(Items from a dataset)
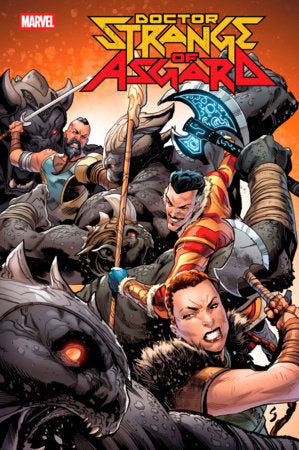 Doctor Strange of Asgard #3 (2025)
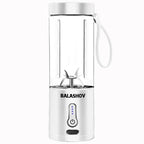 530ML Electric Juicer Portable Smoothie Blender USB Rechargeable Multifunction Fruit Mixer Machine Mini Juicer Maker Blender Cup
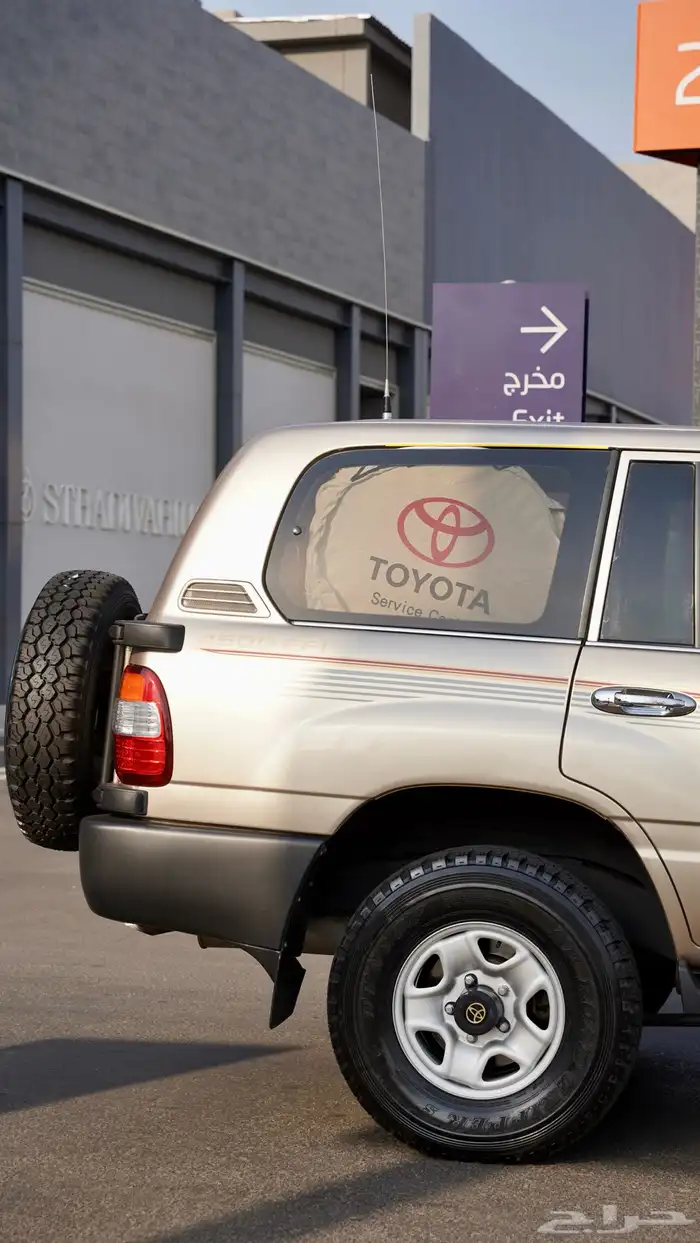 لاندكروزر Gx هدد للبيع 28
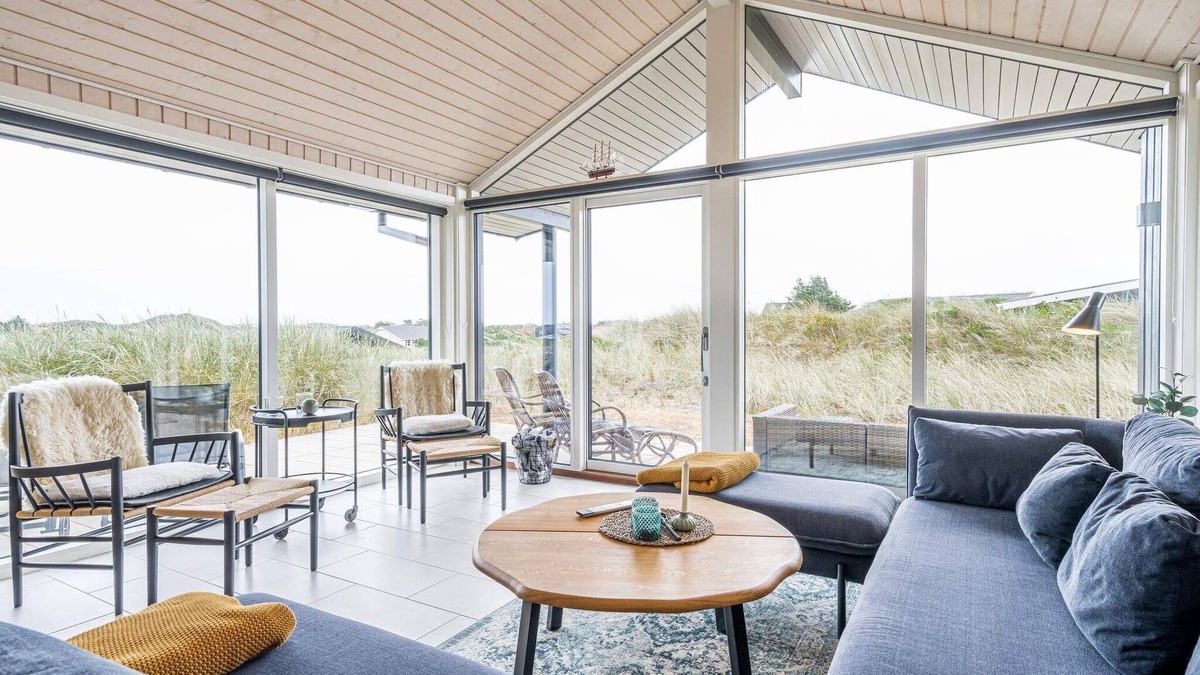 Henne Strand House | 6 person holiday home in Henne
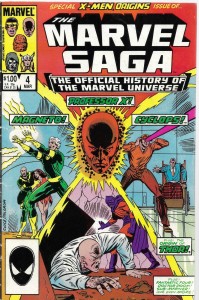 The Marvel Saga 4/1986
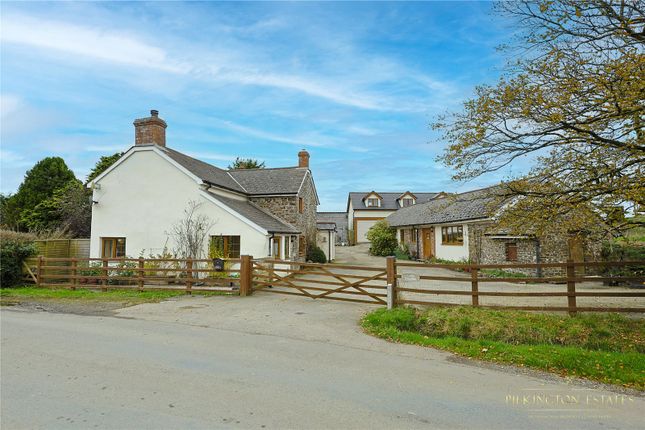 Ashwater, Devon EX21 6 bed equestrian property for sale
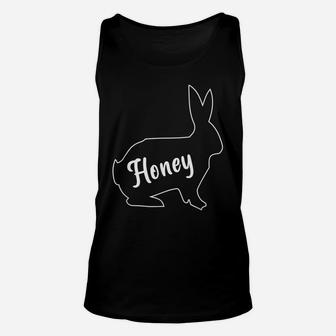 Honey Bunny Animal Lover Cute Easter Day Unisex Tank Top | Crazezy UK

> **What you are asked to do**
When you reach the line containing "530ML Electric Juicer" in the records above, write out that line and every line after it through the end, exactly, but omit the pictures.

> **Response to this task**
 530ML Electric Juicer Portable Smoothie Blender USB Rechargeable Multifunction Fruit Mixer Machine Mini Juicer Maker Blender Cup
 لاندكروزر Gx هدد للبيع 28
 Henne Strand House | 6 person holiday home in Henne
 The Marvel Saga 4/1986
 Ashwater, Devon EX21 6 bed equestrian property for sale
 Honey Bunny Animal Lover Cute Easter Day Unisex Tank Top | Crazezy UK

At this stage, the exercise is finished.